ECONOMY The Guaranteed Student Loan Insurance Fund's financial statements are unauditable, the General Accounting Office told Congress. The GAO's last audit, for fiscal 1980, resulted in an adverse opinion "because of the serious accounting and reporting problems we encountered," the agency said.

COMPANIES Marriott will lay off 70 people in its architecture and construction division this week. The company said the layoff reflects a slowdown in its plans to build new hotels.

American and Delta had their debt placed under review for possible downgrade by Moody's Investors Service.

United, Trans World and Northwest, citing rising fuel prices, announced plans to raise ticket prices by 4.2 percent starting Oct. 1. Meanwhile, American and United discontinued their super-coach, one-way fares in most markets.

MCI will provide U.S. military personnel in the Persian Gulf free long-distance calls to relatives at home in the event of personal emergencies.

Next Computer, the company founded by Steve Jobs, unveiled four new products, including a color-screen version of the Next computer and an entry-level, under-$5,000 model. Jobs said the company already has received orders for more than 15,000 of the new products.

Corroon & Black, an insurance broker, rejected an unsolicited acquisition proposal from Chicago-based Aon Corp., saying it intends to proceed with a previous plan to merge with Willis Faber PLC of London. Aon vowed to pursue its proposal.

Blackstone Group and Financiere de Suez of Paris are forming a joint venture that will specialize in mergers and acquisitions. Terms weren't revealed.

Stotler Group's securities subsidiary, without admitting or denying wrongdoing, settled SEC administrative charges of violating rules over the sale of government securities. Stotler Group was headed by former Chicago Board of Trade Chairman Karsten "Cash" Mahlmann until federal futures regulators accused another subsidiary of misusing customer funds.

CONTRACTS UNC was awarded a $65 million contract as part of a team of companies providing instructors and mission rehearsal specialists for the Special Operations Forces aircrew training system of the Air Force.

US Sprint won a five-year contract to operate a fiber optic communications link between the Pentagon and an airbase in Britain. The contract is potentially worth $10 million.

COURTS The Manville Trust asked a federal judge to declare that it has a "limited fund" to pay the claims of victims of asbestos-related disease -- setting the stage for the judge to establish a nationwide class-action case with respect to all present and future claims against it.

A federal appeals court ruled that the FCC improperly granted a waiver to its cross-ownership rules when it gave companies affiliated with GTE permission to build and operate a fiber-optic cable television system in Cerritos, Calif. Under FCC rules, telephone companies are barred from owning a cable system within their local phone service areas.

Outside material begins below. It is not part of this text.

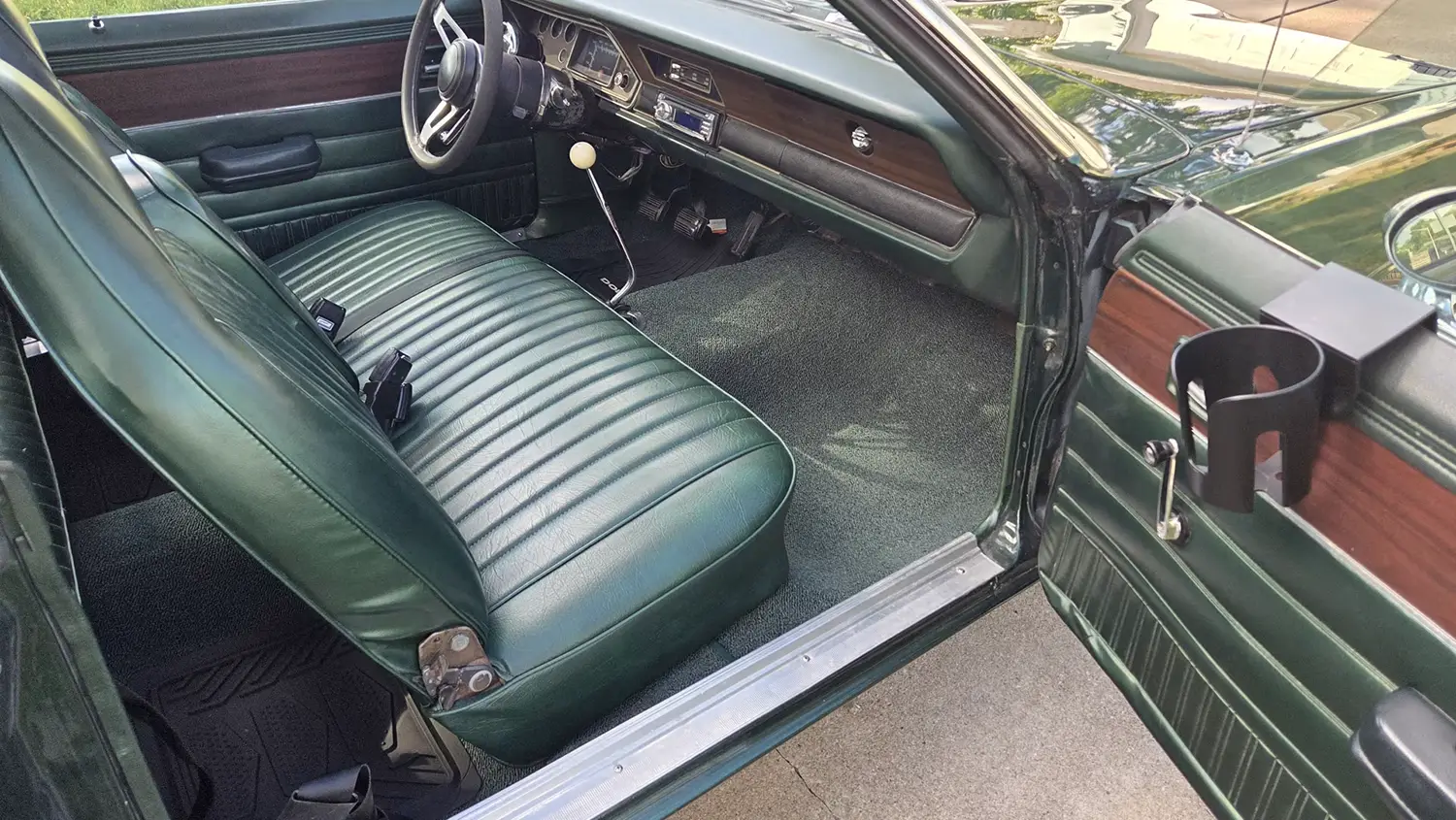 1974 Dodge Dart Sport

A bankruptcy court approved the sale of Fairchild Aircraft for $66.5 million to Fairchild Acquisition Corp., a group made up mostly of former company executives.

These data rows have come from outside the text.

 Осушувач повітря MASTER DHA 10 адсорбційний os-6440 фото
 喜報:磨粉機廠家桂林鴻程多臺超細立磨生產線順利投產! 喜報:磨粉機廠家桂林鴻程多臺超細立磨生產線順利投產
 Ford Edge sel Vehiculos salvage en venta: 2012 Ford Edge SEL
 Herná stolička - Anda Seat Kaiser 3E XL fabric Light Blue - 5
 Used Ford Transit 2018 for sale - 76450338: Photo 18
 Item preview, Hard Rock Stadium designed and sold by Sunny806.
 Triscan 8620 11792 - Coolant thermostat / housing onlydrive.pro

A federal judge in Dallas overruled a jury verdict that awarded $9 million to a woman who claimed she was a victim of fraud, age and sex discrimination by Xerox Corp. The judge said the woman's claims against her former employer weren't supported by the evidence.

REGULATION Foreign investment in the United States would be more closely monitored under a bill approved by a House subcommittee. The bill would merge two government databases and impose stiffer penalties on companies that fail to provide information. The panel also voted to empower the president to seize the U.S. assets of Iraqi citizens living outside the United States if their ownership endangers national security.

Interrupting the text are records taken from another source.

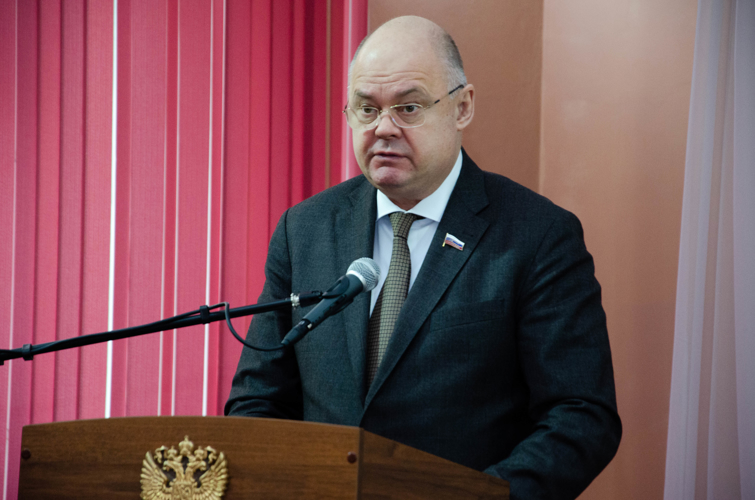 Председатель Законодательного Собрания Пензенской области поздравляет с Днем войск национальной гвардии России
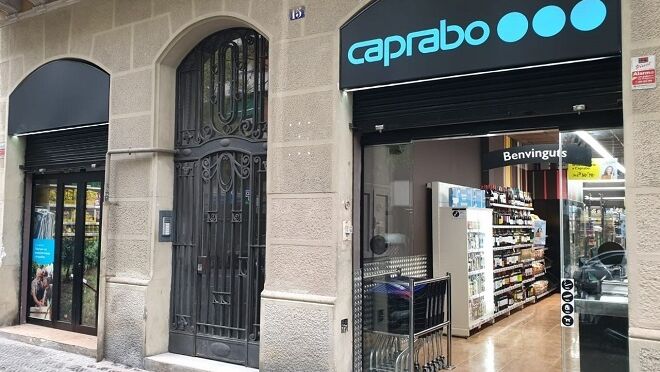 Caprabo arranca en Barcelona su plan de Ferias de Productos de Proximidad
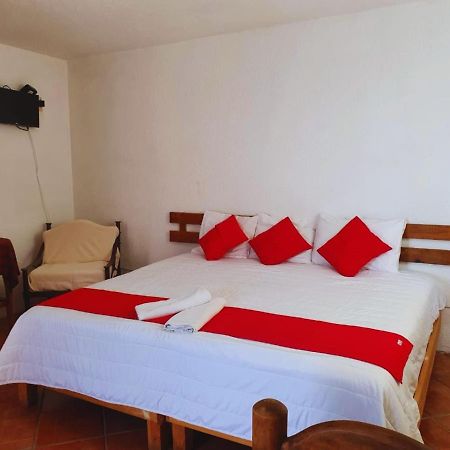 Hotel Paraje Casa Blanca San Agustín Etla Kültér fotó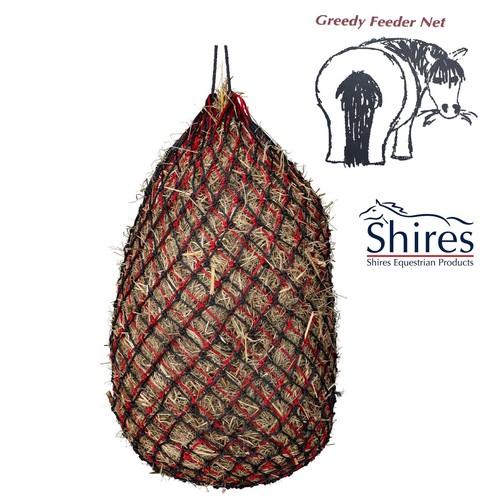 Greedy feeder haynet - greedy,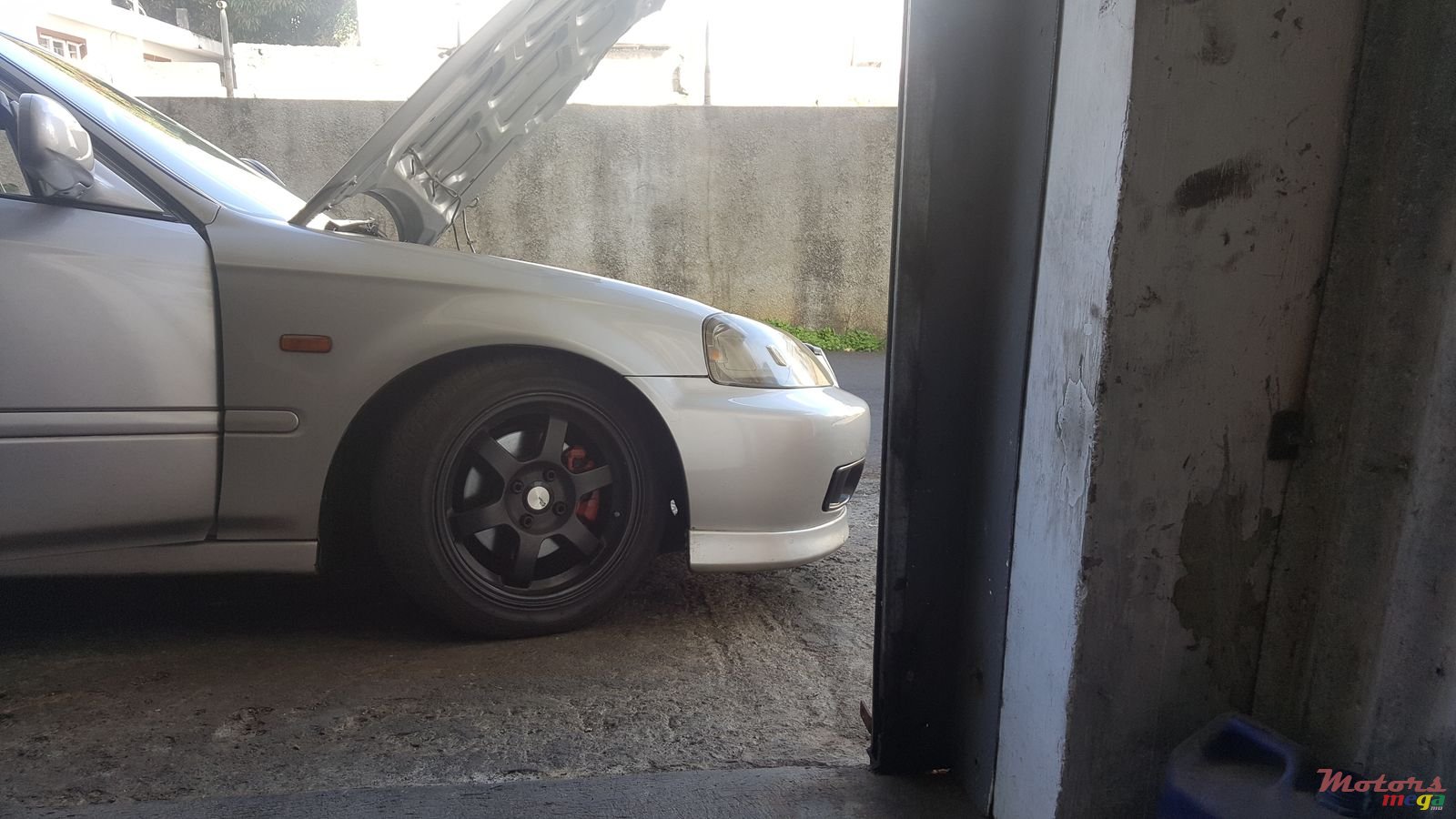 1999' Honda Civic photo #2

The House Judiciary Committee approved a bill banning the rental of computer software, though a crucial clause in the legislation allows for the rental of video games such as those made by Nintendo. Blockbuster Video and Nintendo have been battling for the past year over whether the video rental chain should be able to rent Nintendo's games.

The Senate ratified tax treaties with six countries, a move intended to reduce taxation on income earned by corporations or residents of one country from sources within another country. The countries are West Germany, Tunisia, Spain, Indonesia, India and Finland.


Craig Fields, former director of the Pentagon's advanced research arm, has joined the board of directors of Projectavision, a New York company that is developing high-resolution imaging technology.